Вайль и Генис как отцы-основатели
На презентациях роскошно переизданной книги «Русская кухня в изгнании» (издательство «Махаон») перед москвичами в качестве авторов предстали три легендарных писателя: Вайль-и-Генис, Петр Вайль и Александр Генис.
Эпитет «легендарные» употребляю не для красного словца, а как определение: оставаясь одними из самых влиятельных в литературе последних полутора десятилетий, писатели эти так и не стали составной частью русской литературной жизни. Для большинства из нас они были и остаются персонажами ими же во многом и созданного мифа о русском литературном Нью-Йорке 70—80-х.

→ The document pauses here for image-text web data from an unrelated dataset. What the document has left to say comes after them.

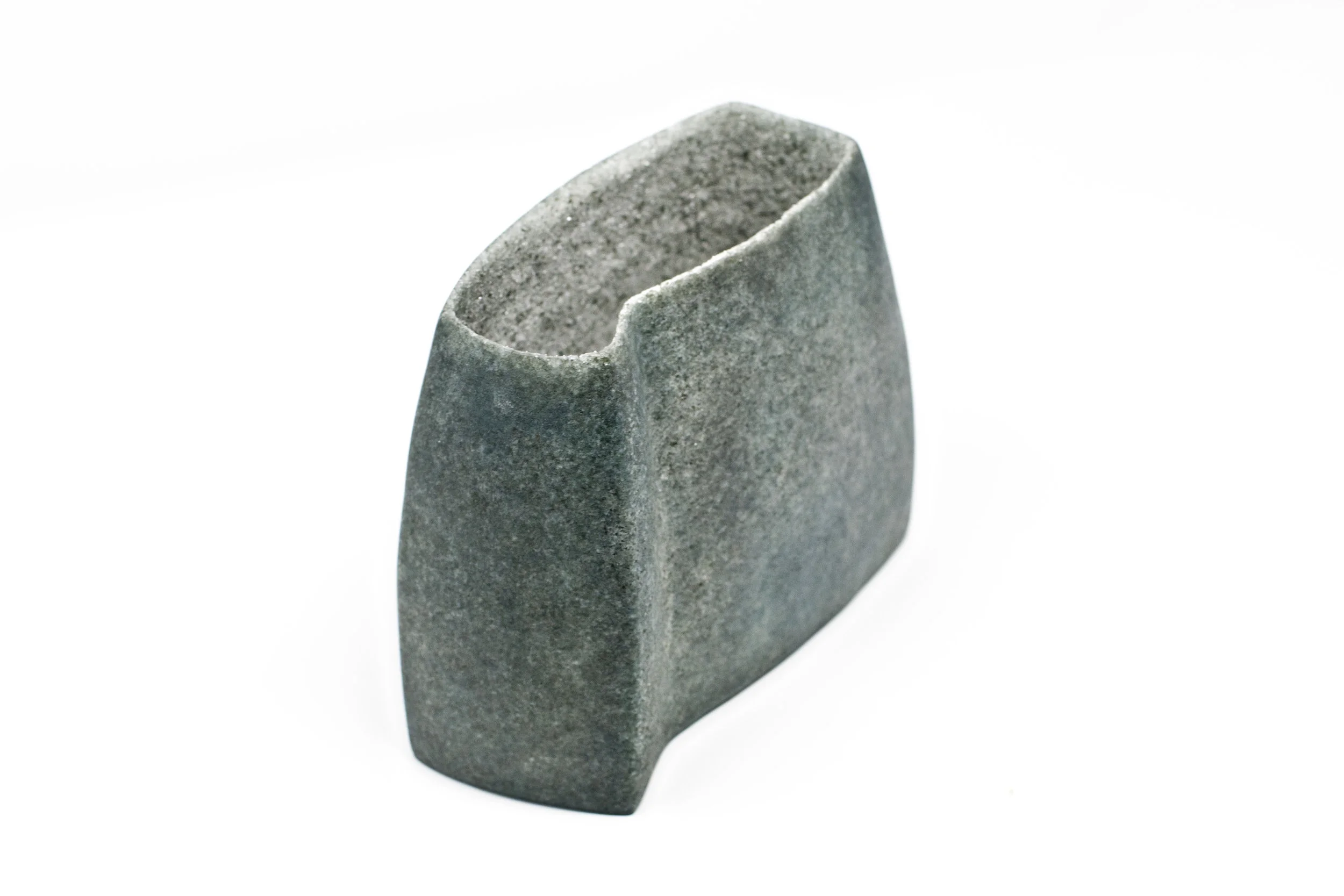 cast glass - pate de verre 2019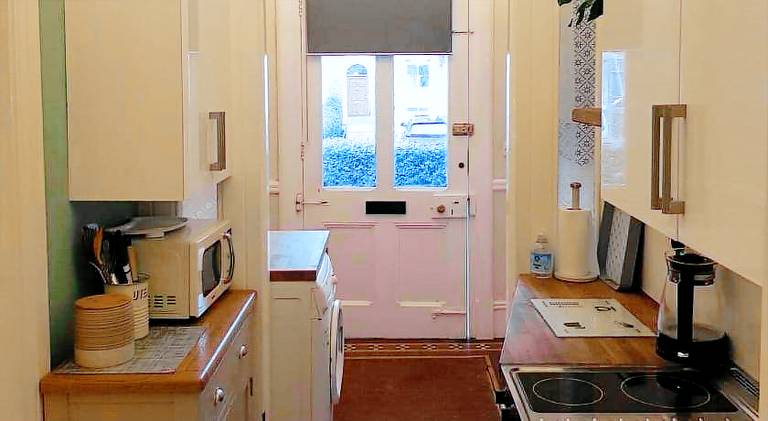 Nice apartment | Pets are welcome — photo 4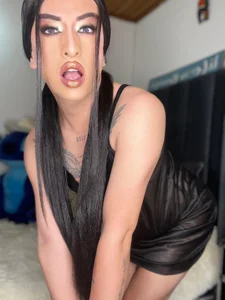 shantal_brown1 me Pic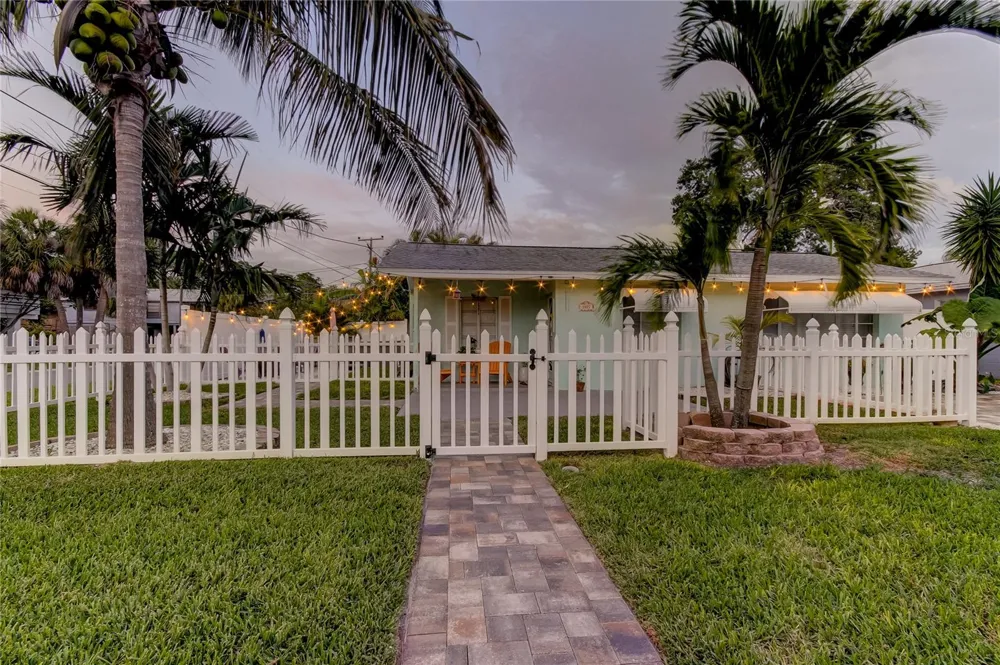 1907 2ND STREET Indian Rocks Beach, FL 33785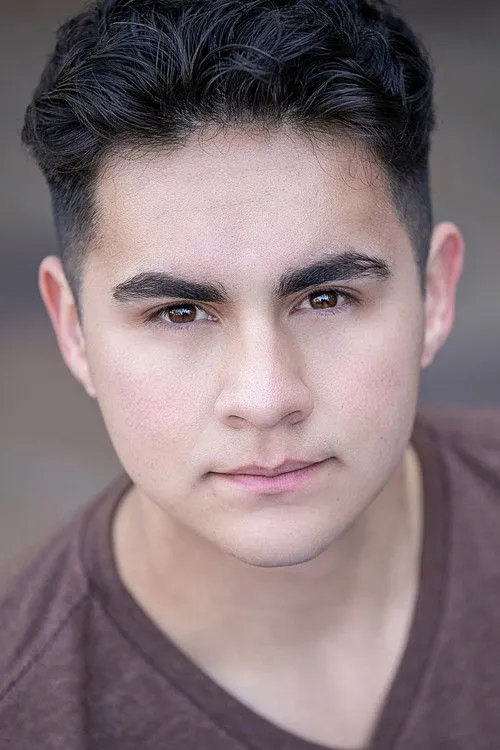 Profile photo of Angel Padilla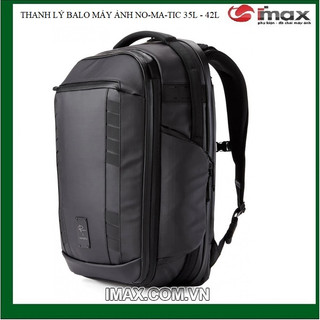 Thanh lý balo máy ảnh no ma tic mckinnon camera pack 35l - 42l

Ситуация, провоцирующая на разговор уже не столько о собственно «Русской кухне», сколько о месте ее авторов в современной русской литературе и – шире – культуре.
Из трех книг, с которых началось наше чтение Вайля и Гениса, – «60-е. Мир советского человека», «Родная речь» и «Русская кухня в изгнании» – бестселлером стала последняя. Для знакомства с ее авторами это, в общем-то, самая закрытая книга, хотя в ней есть все составные их прозы: энергетика, эмоциональный напор (неожиданный в кулинарной книге), остроумие, почти щегольская отточенность стиля, простодушие и искренность «исповедального начала». Но и при этом – точно выдерживаемая дистанция с читателем, наконец, великолепие самого жеста двух «высоколобых», взявшихся на «низкий жанр». Книга эта стала событием отнюдь не только кулинарной литературы.
Самые стебные писатели 90-х – один из первых титулов Вайля и Гениса на родине. Репутация по тем временам отнюдь не уничижительная. Напротив. Стеб в те годы был чем-то вроде бытовой формы концептуализма. Стебались над «совком» и совковостью, освобождаясь от этики и эстетики казарменной жизни. «Стебность» Вайля и Гениса для многих соотносилась тогда с лидировавшим в отечественном концептуализме соцартом. И стилистика их эссеистской прозы очень быстро стала стилем газетных заголовков (того же «Коммерсанта»), языком нового поколения радиоведущих, стилем наиболее продвинутых телепрограмм.
Ну а в области интеллектуальной жизни Вайль-и-Генис оказались удивительно ко времени благодаря начинавшемуся буму культурологии – возможности сопрягать все со всем, возможности «научно» доказать что угодно. В этом интеллектуальном блуде, опьянявшем потребителя иллюзией раскрепощенности мысли, а изготовителя – неожиданной податливостью объектов «анализа», вопрос об ответственности мыслителя снимался эффектностью построений и абсолютной неопровержимостью выводов (если вы, разумеется, соглашались играть по предложенным правилам). Опьяняла «нетривиальность» самого языка новой науки, или, как тогда начали говорить, «крутизна». Этой своеобразной «крутизной», свободой от всех как бы традиций, как казалось тогда массовому читателю, брали и «Родная речь», и «60-е. Мир советского человека».